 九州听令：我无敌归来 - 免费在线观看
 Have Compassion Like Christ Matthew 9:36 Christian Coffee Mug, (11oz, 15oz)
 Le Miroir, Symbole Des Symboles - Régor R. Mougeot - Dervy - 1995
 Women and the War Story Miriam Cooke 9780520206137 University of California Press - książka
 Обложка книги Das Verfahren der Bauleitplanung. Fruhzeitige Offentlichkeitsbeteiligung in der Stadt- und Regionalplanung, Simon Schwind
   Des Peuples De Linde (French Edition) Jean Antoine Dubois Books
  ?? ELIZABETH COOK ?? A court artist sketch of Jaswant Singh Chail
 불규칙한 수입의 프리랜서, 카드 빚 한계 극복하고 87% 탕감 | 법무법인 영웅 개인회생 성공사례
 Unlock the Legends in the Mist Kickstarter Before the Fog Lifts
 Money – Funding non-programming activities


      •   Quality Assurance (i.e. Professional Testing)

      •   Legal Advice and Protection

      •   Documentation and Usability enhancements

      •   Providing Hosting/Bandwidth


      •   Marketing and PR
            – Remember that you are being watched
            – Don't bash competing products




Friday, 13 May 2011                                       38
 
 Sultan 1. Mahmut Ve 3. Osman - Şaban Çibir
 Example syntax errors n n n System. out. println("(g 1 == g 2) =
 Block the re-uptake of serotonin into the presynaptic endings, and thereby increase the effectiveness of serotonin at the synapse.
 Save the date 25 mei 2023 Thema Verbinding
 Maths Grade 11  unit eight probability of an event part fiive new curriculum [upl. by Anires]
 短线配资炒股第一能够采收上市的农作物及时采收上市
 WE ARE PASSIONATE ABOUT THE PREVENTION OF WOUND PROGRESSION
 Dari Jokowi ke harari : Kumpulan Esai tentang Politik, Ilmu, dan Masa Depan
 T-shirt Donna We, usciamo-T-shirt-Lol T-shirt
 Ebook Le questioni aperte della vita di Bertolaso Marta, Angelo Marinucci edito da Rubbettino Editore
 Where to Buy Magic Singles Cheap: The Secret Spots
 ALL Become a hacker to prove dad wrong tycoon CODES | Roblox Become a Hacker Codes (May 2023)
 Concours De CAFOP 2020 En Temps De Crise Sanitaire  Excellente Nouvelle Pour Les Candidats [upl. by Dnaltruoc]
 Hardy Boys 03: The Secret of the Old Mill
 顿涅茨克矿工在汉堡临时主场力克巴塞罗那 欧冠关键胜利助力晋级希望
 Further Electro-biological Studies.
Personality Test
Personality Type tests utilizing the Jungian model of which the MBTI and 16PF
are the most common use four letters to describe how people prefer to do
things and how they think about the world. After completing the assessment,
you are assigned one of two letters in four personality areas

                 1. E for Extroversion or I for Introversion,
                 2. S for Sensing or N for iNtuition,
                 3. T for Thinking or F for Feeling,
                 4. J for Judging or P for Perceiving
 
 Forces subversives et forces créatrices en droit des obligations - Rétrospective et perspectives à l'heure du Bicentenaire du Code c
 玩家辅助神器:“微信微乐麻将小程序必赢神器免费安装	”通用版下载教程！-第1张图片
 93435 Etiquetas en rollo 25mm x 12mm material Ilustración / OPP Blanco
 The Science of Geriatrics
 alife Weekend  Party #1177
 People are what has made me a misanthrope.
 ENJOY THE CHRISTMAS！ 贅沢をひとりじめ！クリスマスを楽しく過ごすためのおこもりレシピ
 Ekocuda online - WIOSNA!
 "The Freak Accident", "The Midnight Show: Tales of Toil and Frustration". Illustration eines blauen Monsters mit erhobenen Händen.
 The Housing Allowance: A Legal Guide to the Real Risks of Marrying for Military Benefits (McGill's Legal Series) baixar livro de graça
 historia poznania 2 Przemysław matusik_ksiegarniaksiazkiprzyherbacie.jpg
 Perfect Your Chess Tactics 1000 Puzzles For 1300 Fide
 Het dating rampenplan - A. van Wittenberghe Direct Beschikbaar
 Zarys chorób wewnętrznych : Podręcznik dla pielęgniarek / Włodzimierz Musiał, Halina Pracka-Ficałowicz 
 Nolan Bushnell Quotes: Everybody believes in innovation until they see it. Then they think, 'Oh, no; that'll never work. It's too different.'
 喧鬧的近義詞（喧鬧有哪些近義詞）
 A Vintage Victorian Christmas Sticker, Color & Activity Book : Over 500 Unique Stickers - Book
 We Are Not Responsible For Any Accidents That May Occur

-=-=-=-=-

■ **What this task involves**
Your answer should consist of the lines from the listing that hold the word "letters".

■ **Reply to the exercise**
are the most common use four letters to describe how people prefer to do
you are assigned one of two letters in four personality areas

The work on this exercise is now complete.